Configuring a LensKit Recommender
One of LensKit’s goals is to be highly configurable with regards to the algorithms used, choice of parameters for them, and various algorithmic decisions for each algorithm (e.g. the similarity function used for k-NN collaborative filtering, or the normalization applied to ratings). LenskitConfiguration is the main entry point for configuring a recommender; typically, configurations are described by Groovy files loaded using ConfigHelpers or ConfigurationLoader.
Recommender configuration is done by selecting the correct implementation for various ‘‘components’’ (typically defined by Java interfaces), and values for ‘‘parameters’’. Pretty much every object you can interact with in a LensKit recommender is a component, and many of them use other components behind the scenes to do their work. In the example code in GettingStarted, we find this line:
config.bind(ItemScorer.class).to(ItemItemScorer.class);
If you are familiar with dependency injection, particularly
with Guice, this line will look familiar. What it does is tell
LensKit that we want to use ItemItemScorer as the
implementation of the ItemScorer component. When our code
then asks the recommender for an item scorer, it will use the item-item collaborative filter
provided by
ItemItemScorer
. Likewise, any other components that use a
ItemScorer
, such as an TopNItemRecommender
, will use the
ItemItemScorer
.
When you look at the JavaDoc for a component implementation, such as ItemItemScorer, you will see that it takes the components it uses (its ‘‘dependencies’’) as parameters to its constructor or, occasionally, parameters to setter methods. This is because LensKit is built using the Dependency Injection design pattern. The LensKit recommender engine and its builders provide ‘‘automatic dependency injection’’, built using the Grapht dependency injection container. It automatically instantiates the various components in accordance with the configuration (bindings) you provide in order to create the recommender you desire. Most components and parameters have default settings, so LensKit will “just work” if you specify the predictor and/or recommender you want to use, but you can always swap out components for ones more suited to your application as necessary.
Contexts
One feature provided by Grapht, and used heavily by LensKit, is ‘‘context-sensitive’’ bindings. These are bindings that choose how to configure a component based on where that component is being used. Formerly, these types of configurations were expressed with role annotations; we are moving to heavier use of contexts because they provide a cleaner, more easily discoverable solution in most cases.

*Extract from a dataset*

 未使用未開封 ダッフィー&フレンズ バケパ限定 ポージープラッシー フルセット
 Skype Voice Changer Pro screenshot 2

To bind in a context, use the within
method:
config.within(SimpleNeighborhoodFinder.class)
.bind(UserVectorNormalizer.class)
.to(BaselineSubtractingNormalizer.class);
This uses the baseline-subtracting normalizer as the vector normalizer, but only when building the SimpleNeighborhoodFinder or one of its dependencies. It does not configure the normalizer passed to the rating predictor — if no other bindings are present, then the that is kept at the default.
Context-sensitive bindings override other bindings, so if you have a
non-contextual binding of VectorNormalizer
, that binding still
applies everywhere except where the context is in active — that is,
everywhere except in SimpleNeighborhoodFinder
or one of its
dependencies. You can have multiple context-based bindings, and you
can also chain contexts in bindings. The closest, longest matching
chain of contexts determines the actual binding to use.

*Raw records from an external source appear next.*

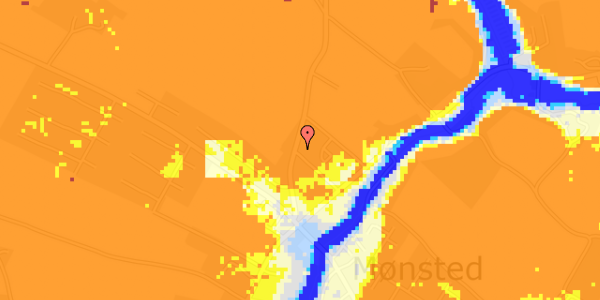 Ekstrem regn på Bryrupvej 8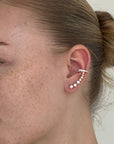 Cascade Pierceless Cuff Earrings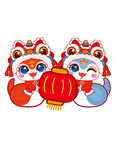 红灯笼蛇卡通插画线稿简笔画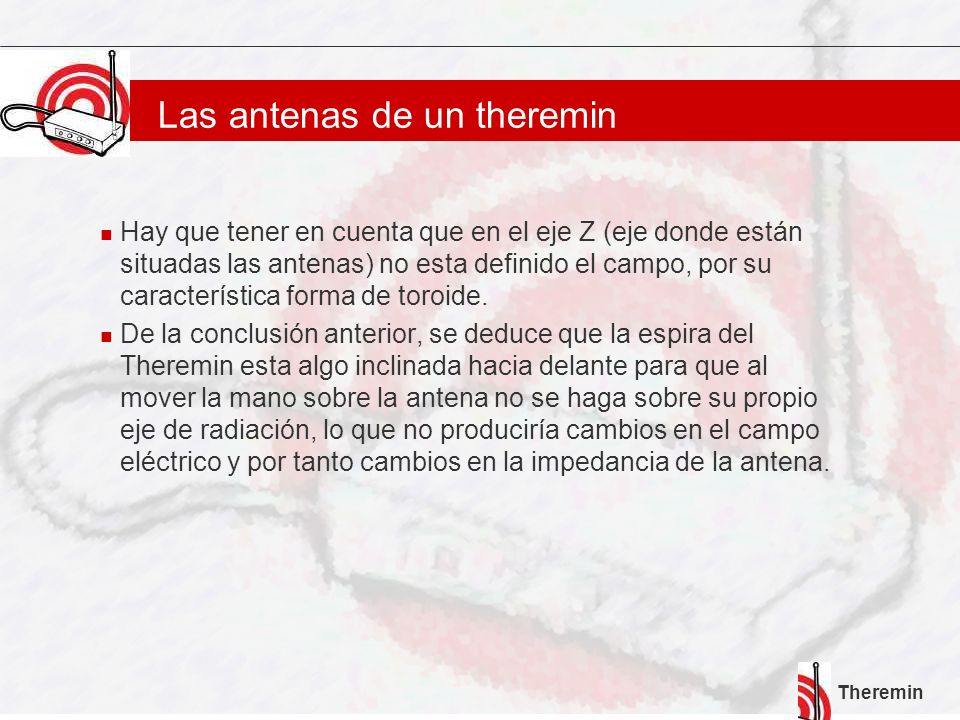 Las antenas de un theremin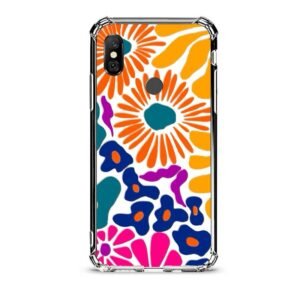 Floral θήκη διάφανη & σχέδιο  d1092 γιά Xiaomi Redmi Note 6 Pro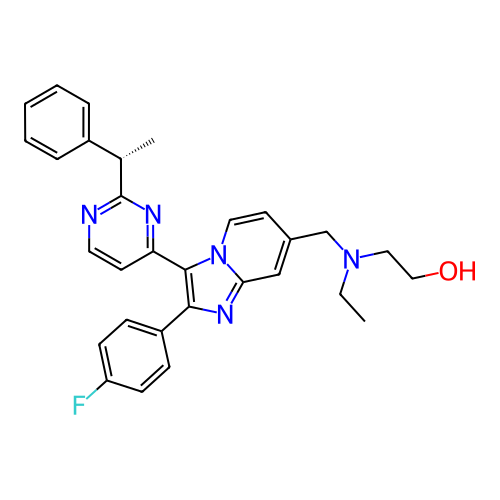 Chemical structure of BindingDB Monomer ID 50195444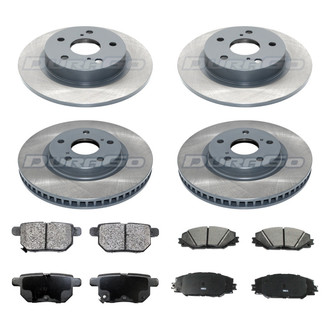 DuraGo® - Titanium Series 1-Piece Plain Brake Kit with Ceramic Brake Pads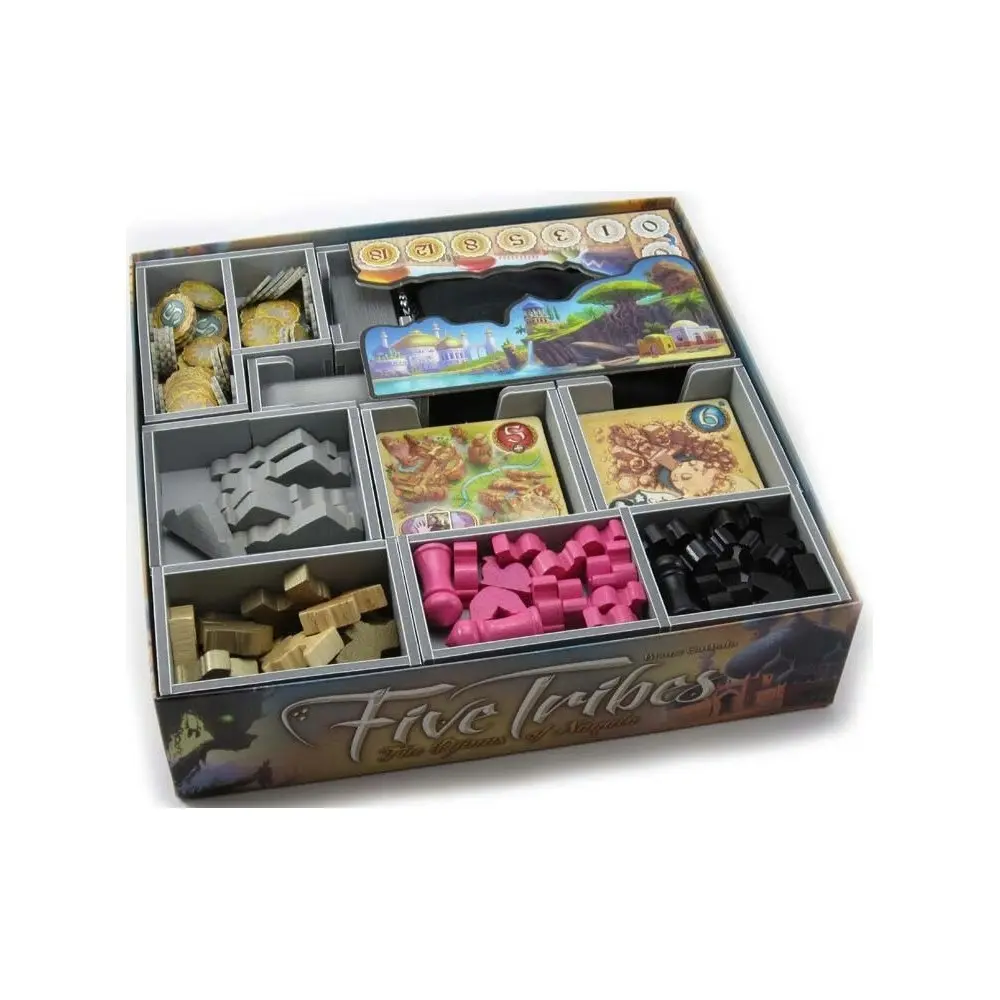 Folded Space Game Inserts Divider Tray Boardgame Organiser For Five Tribes - Toys & Games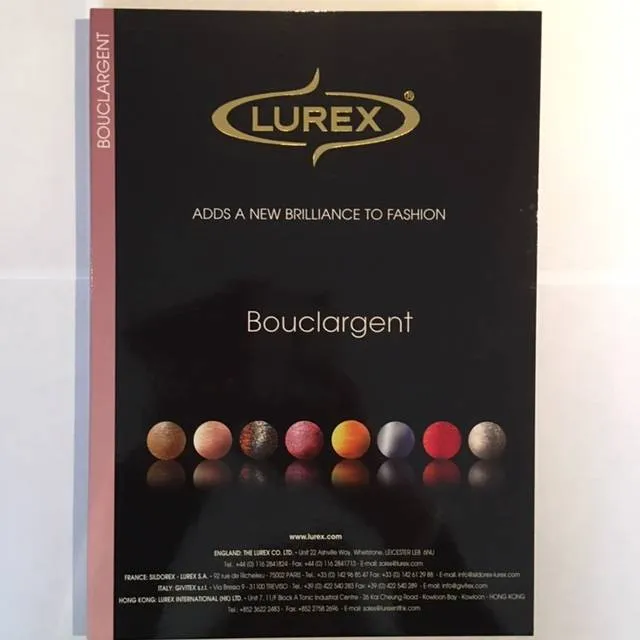 LUREX® METALLIC & SPECIAL EFFECTS BOUCLARGENT RANGE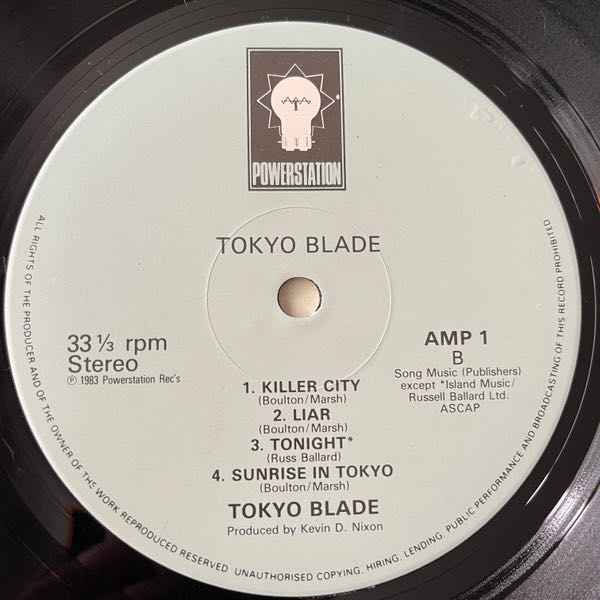 Tokyo Blade - Tokyo Blade (12”) music collectible - Main Image 4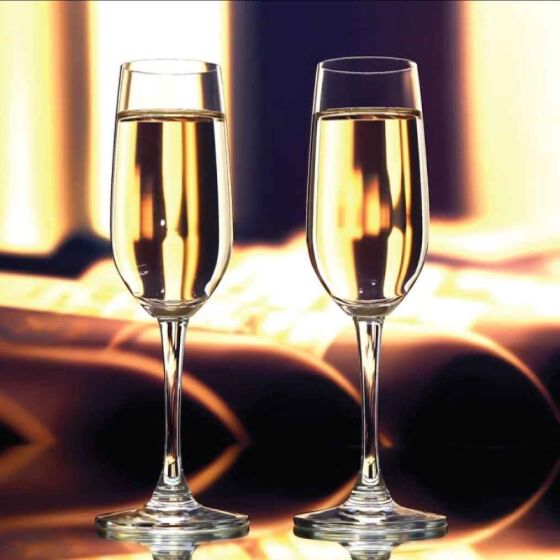Ocean Madison Flute Champagne Glass 210 Ml Set Of 6 - 4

Grapht also provides an at
method, in addition to within
; if you use at
instead of within
, the resulting bindings are anchored. Anchored bindings only override direct dependencies of the context they’re applied to, whereas unanchored ones (produced by within
) override bindings for transitive dependencies as well.
Parameters
LensKit provides many parameters, which are annotated with various
annotations (such as NeighborhoodSize. These parameters are set
using the set
method:
factory.set(NeighborhoodSize.class).to(50);
Type safety is somewhat relaxed for parameters, but they are used for numeric or occasionally string values.
Qualifiers
Parameters are a special case of the more general concept of
‘‘qualifiers’’ — annotations which are annotated with @Qualifier
from JSR 330, and are used to specify additional distinctions between
objects. You can bind one using the two-parameter version of bind
:
config.bind(Qualifier.class, ComponentType.class)
.to(ComponentImpl.class);
Alternatively, you can use the withQualifier
method of Binding
:
config.bind(ComponentType.class)
.withQualifier(Qualifier.class)
.to(ComponentImpl.class);
Qualifiers are used in a couple of places:
- To specify parameters, such as damping terms, that have primitive or string values.

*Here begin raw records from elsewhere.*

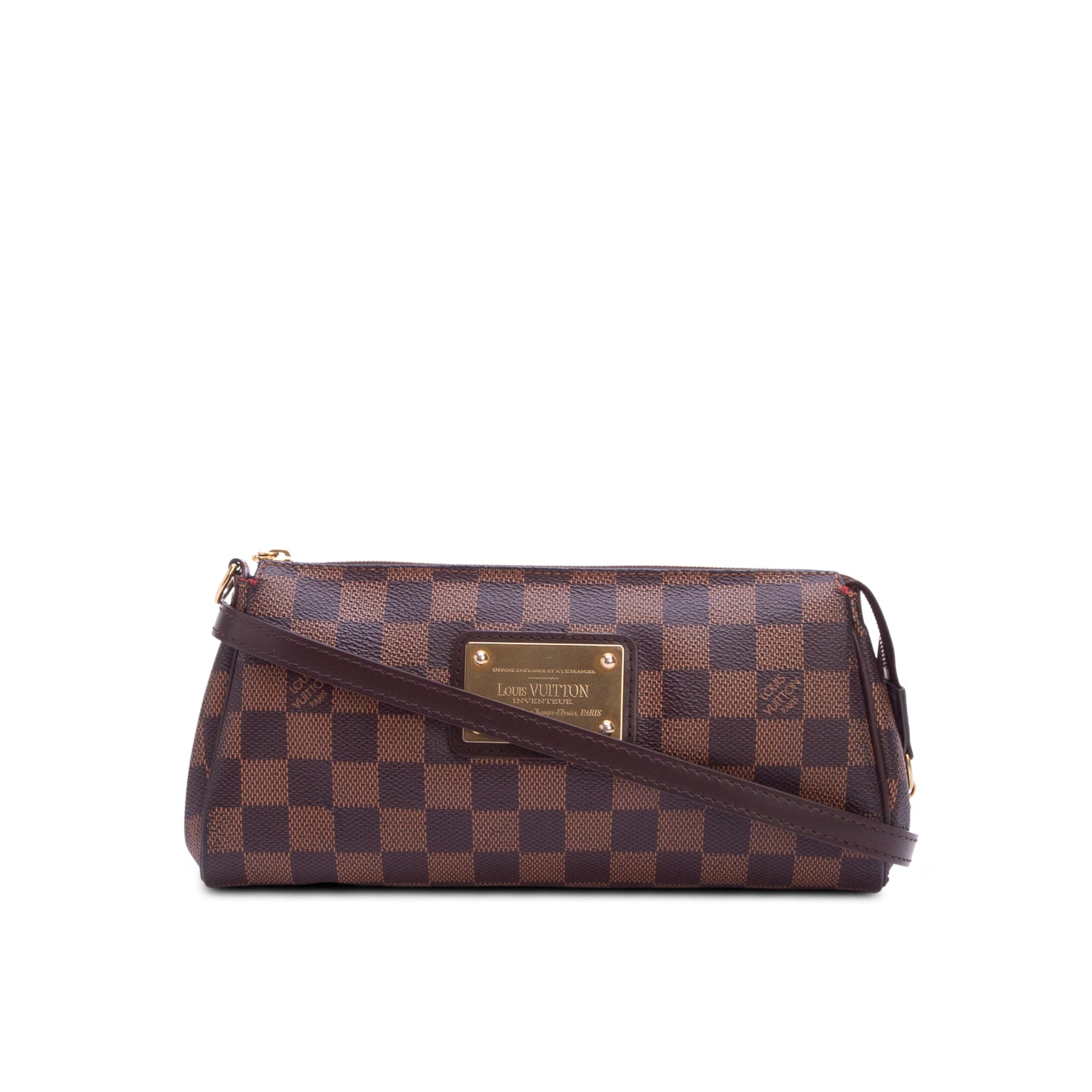 Louis Vuitton Damier Ebene Eva Clutch w/ Straps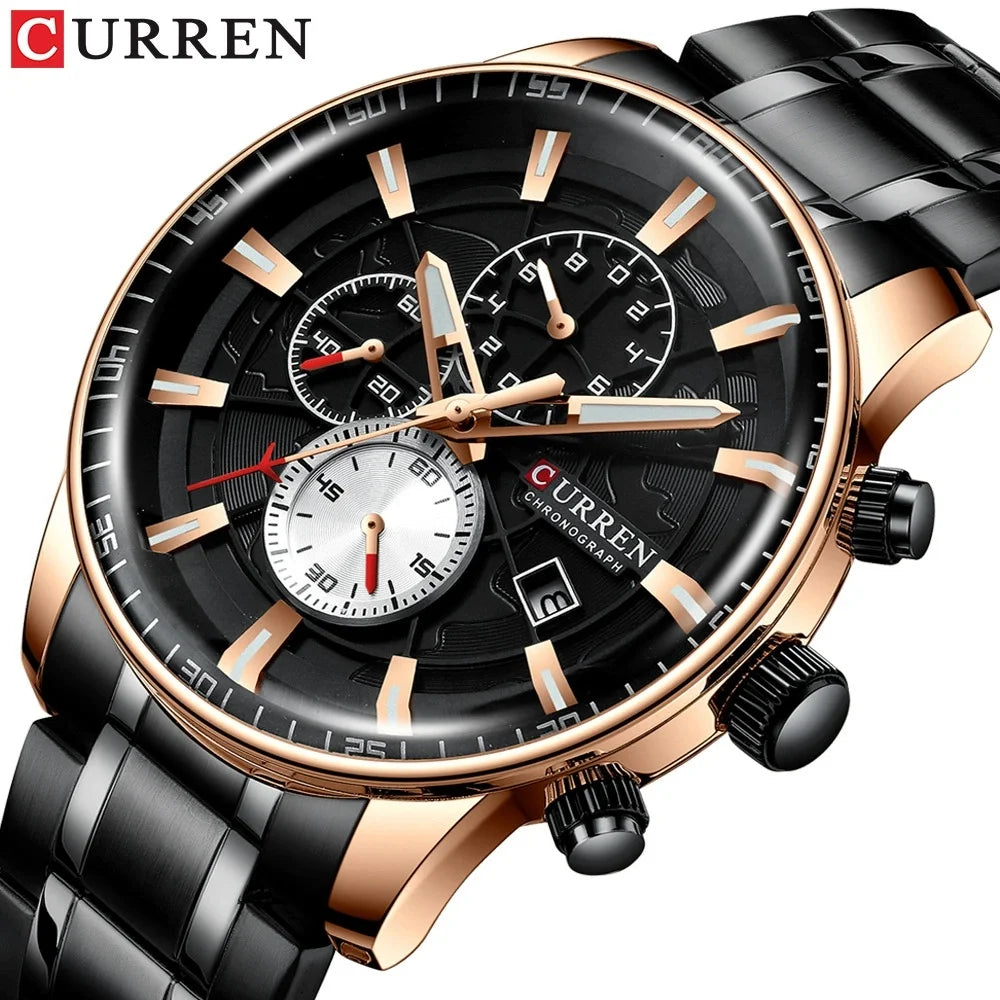 CURREN Q1 Fashion Casual Many Models Quartz Wristwatches Men's Hands Business Watch Auto Date Clock Male Wrist Watches for Male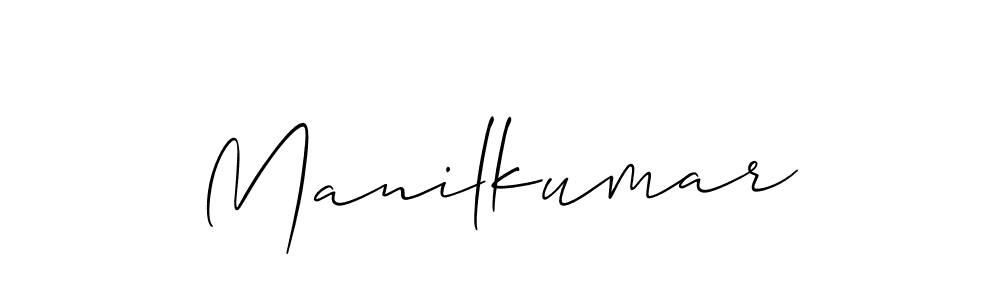 Also You can easily find your signature by using the search form. We will create Manilkumar name handwritten signature images for you free of cost using Allison_Script sign style. Manilkumar signature style 2 images and pictures png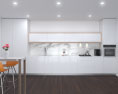 Willoughby Modern Kitchen Design Big 3Dモデル
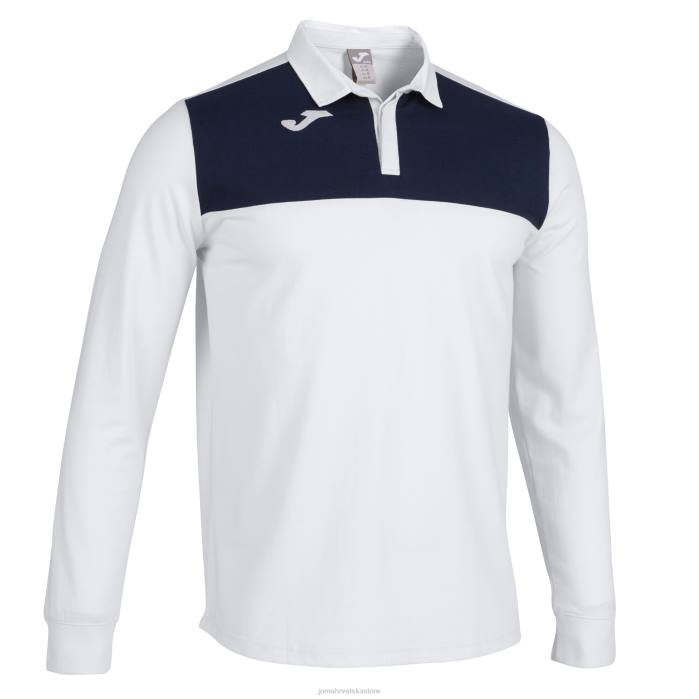 hr Joma polo majica dugih rukava dobitnik ii bijela tamnoplava 6FVN3537 muškarci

- To distinguish when a class depends on multiple components of the same type.
Other DI frameworks, such as Guice, encourage much broader use of qualifiers than we use in LensKit. Contexts provide a preferable solution in many cases.
Groovy
LensKit supports a Groovy-based DSL for configuration as well. This is used in the evaluator, and can be used by applications via the lenskit-groovy
module. Here is an example of a configuration in the DSL:
bind ItemScorer to ItemItemScorer
within(UserVectorNormalizer) {
bind VectorNormalizer to MeanVarianceNormalizer
}
You can load this by using ConfigHelpers.load or the ConfigurationLoader class.